PROBLEM STATEMENT: The listing below holds a line with "2025 Volvo XC60 B5 Core photo 1" and a later line with "Apartamento com 2". Write out those two lines and every line between them, exactly, and nothing else.

INPUT DATA:

>>>

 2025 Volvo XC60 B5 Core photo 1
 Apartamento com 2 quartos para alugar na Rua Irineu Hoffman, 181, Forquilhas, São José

<<<
>>>

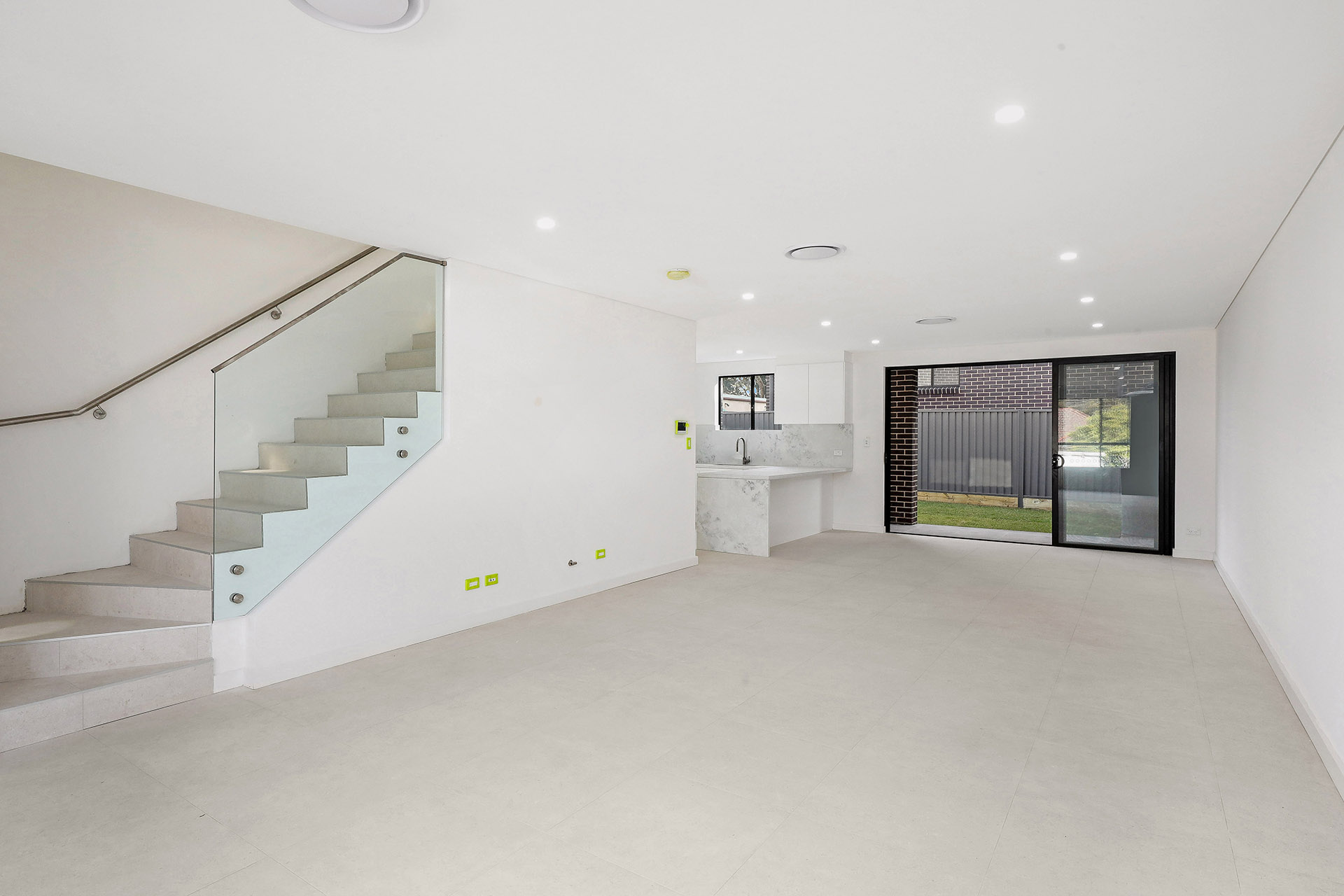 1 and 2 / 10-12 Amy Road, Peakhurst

<<<
>>>

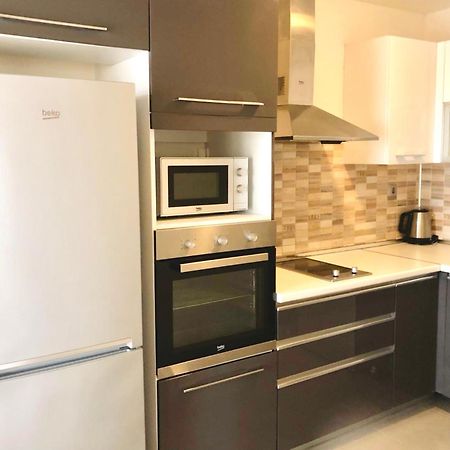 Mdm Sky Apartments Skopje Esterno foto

<<<

ANSWER BOX:
 2025 Volvo XC60 B5 Core photo 1
 Apartamento com 2 quartos para alugar na Rua Irineu Hoffman, 181, Forquilhas, São José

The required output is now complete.